The only thing more ubiquitous than burger shops in Moscow is Georgian restaurants. And with good reason, Georgian food is delicious! Really, it’s hard to go wrong with any of the multitude of Georgian Restaurants throughout the city, but if you have a little extra time or want to save a few rubles, then it’s worth taking the purple metro line to Ryazansky Prospekt for a bite at Khinkal’nya. This hole-in-the-wall establishment is run by a kind Georgian family with probably the best Ajarian khachapuri in the city. It’s no thrills dining, and if you go early Saturday morning don’t be surprised to see a few local drunks working off a hangover with a plate of khinkali and a glass of Georgian wine.
Location: Ulitsa Akademika Skryabina, 12 а, Moskva, 101000 (Metro Ryazansky Prospekt).
Cost: Khinkali at RUB 50 apiece.
Tip: The purple line is notorious for overcrowding, so, it’s best to avoid the evening rush hour (5PM-8PM) out to the suburbs.
3. Pizzeria Da Giuseppe
Whatever happened to the sauce on pizza? Half the time I order a pizza, it feels as dry as the Aral Sea. If Russians can make a good burger, one thing they can’t make is a good pie. Luckily they don’t half to. The newly opened Pizzeria Da Giuseppe is owned and operated by a real Italian who makes real Italian pizzas in a wood-fired oven! That should be enough to get you in, but in case you need a little encouragement, Pizzeria Da Giuseppe will be holding World Cup fan events throughout the tournament. Just don’t ask what group Italy is playing in this year.
Location: Ulitsa Aleksandra Solzhenitsyna, 3, Moskva, 109004 (Metro Taganskaya)
Cost: About RUB 400 for a personal pie.
Tip: Complete the experience with a pint of Peroni beer on tap.

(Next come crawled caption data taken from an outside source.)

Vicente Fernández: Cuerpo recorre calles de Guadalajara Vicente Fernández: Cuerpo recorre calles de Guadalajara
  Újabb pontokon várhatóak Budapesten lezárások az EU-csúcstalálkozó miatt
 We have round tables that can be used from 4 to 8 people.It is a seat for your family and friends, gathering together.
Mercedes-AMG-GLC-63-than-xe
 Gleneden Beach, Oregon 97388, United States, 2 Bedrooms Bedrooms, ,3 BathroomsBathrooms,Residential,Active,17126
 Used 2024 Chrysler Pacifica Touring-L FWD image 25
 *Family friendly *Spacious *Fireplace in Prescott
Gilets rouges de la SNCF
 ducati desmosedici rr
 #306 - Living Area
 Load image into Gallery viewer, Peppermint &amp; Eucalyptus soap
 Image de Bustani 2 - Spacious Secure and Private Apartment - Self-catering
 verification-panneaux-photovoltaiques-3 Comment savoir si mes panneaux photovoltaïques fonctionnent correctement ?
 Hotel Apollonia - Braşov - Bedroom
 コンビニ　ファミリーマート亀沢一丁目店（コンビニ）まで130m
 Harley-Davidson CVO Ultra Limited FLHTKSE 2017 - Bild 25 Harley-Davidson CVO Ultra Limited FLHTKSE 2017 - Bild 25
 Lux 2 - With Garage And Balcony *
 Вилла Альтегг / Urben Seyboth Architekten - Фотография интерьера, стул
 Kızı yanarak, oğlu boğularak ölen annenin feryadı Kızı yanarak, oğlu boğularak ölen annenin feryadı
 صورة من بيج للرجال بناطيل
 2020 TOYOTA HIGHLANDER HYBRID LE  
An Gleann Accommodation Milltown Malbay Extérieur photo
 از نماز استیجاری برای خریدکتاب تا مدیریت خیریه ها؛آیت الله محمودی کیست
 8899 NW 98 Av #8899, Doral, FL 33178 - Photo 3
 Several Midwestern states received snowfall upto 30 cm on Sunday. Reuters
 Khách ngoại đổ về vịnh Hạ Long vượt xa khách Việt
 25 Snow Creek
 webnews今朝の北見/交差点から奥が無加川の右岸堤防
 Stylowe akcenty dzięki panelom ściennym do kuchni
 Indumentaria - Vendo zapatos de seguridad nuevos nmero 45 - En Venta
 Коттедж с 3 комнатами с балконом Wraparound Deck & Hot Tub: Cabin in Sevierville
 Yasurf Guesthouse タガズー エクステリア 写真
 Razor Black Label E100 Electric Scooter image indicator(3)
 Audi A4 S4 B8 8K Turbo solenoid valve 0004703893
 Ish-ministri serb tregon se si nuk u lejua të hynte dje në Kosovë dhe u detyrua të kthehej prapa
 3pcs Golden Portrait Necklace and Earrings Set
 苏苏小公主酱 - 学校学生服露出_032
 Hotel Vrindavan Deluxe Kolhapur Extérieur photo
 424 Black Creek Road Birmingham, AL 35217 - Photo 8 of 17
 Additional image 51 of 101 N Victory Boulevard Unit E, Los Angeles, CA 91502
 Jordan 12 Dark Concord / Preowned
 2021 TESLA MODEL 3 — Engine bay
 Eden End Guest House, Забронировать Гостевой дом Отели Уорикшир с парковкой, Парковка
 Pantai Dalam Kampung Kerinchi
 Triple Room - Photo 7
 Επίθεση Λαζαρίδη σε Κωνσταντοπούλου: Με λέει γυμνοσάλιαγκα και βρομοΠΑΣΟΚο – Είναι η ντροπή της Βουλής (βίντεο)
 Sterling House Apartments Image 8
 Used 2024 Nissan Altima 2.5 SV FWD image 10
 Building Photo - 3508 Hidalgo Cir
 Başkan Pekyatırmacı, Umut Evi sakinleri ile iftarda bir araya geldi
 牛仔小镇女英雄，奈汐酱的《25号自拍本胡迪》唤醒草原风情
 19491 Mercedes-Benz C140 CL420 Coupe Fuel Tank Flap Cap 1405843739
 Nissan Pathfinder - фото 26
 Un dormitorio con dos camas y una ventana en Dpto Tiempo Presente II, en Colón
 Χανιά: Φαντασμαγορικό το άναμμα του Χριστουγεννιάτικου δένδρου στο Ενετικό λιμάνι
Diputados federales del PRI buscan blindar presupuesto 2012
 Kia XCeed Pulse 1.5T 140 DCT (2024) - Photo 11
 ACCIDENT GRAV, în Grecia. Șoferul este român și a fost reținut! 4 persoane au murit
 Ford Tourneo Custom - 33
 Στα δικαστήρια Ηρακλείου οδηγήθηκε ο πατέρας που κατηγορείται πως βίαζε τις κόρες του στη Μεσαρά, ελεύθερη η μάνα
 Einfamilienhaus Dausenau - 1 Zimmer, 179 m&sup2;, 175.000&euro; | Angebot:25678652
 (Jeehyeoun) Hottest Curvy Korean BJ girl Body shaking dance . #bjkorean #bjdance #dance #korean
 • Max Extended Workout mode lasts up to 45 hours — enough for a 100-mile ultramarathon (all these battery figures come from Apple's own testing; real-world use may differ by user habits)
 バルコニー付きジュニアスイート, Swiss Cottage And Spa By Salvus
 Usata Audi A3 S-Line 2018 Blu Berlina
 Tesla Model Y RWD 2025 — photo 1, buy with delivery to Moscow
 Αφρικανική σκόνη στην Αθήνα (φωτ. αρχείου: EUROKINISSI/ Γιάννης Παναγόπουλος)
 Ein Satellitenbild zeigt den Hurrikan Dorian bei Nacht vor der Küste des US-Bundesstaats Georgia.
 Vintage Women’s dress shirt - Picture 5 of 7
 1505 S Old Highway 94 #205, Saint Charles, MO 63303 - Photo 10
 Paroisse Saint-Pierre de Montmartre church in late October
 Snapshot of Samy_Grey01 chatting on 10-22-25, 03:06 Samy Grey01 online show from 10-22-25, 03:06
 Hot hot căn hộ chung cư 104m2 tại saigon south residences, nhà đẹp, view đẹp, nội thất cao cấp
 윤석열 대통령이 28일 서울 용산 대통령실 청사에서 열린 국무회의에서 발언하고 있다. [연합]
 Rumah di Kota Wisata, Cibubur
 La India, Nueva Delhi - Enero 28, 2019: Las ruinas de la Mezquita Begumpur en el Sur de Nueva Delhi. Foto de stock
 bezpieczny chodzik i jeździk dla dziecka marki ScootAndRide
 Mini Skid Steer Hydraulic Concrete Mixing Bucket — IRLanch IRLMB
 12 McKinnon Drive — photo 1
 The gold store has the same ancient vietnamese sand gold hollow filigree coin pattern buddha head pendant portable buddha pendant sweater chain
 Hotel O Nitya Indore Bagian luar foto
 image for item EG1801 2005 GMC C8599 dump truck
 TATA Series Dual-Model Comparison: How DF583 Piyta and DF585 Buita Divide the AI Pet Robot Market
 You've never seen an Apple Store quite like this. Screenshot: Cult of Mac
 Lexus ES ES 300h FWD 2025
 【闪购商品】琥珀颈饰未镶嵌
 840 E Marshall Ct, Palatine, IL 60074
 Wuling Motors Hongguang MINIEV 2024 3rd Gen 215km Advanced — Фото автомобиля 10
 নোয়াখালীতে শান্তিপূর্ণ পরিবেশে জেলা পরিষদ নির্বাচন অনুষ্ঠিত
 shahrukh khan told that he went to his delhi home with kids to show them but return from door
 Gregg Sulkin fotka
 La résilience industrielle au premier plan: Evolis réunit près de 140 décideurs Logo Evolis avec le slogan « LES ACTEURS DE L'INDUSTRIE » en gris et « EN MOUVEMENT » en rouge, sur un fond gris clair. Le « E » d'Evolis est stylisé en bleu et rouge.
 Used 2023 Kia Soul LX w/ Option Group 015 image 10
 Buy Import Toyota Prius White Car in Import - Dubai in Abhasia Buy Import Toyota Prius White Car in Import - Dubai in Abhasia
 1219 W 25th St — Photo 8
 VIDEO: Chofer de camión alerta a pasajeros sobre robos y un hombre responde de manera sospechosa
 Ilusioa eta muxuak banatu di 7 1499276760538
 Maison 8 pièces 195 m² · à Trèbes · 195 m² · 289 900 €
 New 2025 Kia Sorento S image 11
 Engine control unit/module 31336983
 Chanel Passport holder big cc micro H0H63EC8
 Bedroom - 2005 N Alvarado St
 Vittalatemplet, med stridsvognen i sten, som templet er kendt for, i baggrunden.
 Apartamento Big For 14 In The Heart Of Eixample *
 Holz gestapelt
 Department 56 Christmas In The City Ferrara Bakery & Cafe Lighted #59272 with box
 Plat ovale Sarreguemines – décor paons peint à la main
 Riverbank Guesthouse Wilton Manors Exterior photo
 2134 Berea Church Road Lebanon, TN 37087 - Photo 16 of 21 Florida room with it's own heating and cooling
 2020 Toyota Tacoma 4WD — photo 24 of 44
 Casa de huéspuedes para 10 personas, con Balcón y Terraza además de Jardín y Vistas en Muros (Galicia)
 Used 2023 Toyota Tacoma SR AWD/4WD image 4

If you follow this blog at all, you probably know I loathe hipsters, but I have to admit they know a thing or two about food. Yes, almost everything they come in contact with is gentrified like some kind of perverse Midas touch, but it’s because of them that Moscow has Danilovsky Market, and with it, a myriad of foodie vendor kiosks selling some of the best eats this side of the Iron Curtain. And as any Muscovite in the know will tell you, it’s Danilovsky Market where you can find the very best Pho Bo at the aptly named café, Bo. Trust me it’s worth the 30-minute queue.
Location: Mytnaya Ulitsa, 74, Moskva, 115191 (Metro Tulskaya)
Cost: RUB 350 for a very large bowl of Pho Bo.
Tip: Don’t’ forget to try a mango smoothie. It’s worth the extra rubles!
Darbars is hands down the best Indian restaurant in Moscow and the closest you will come to authentic Indian food in Russia (Ok, that’s not a very high bar, but it’s still good!). With several locations throughout the city, Darbars is where to go when bland food is leaving you delirious for a little spice. The only downside, it’s a bit pricey.
Location: Multiple locations in Moscow and one in Saint Petersburg.
Cost: Expect to spend about RUB 1,500 per person without drinks.
Tip: Like most Indian restaurant’s there is a wide range of regional cuisines on the menu. I usually go for the Rogan Josh.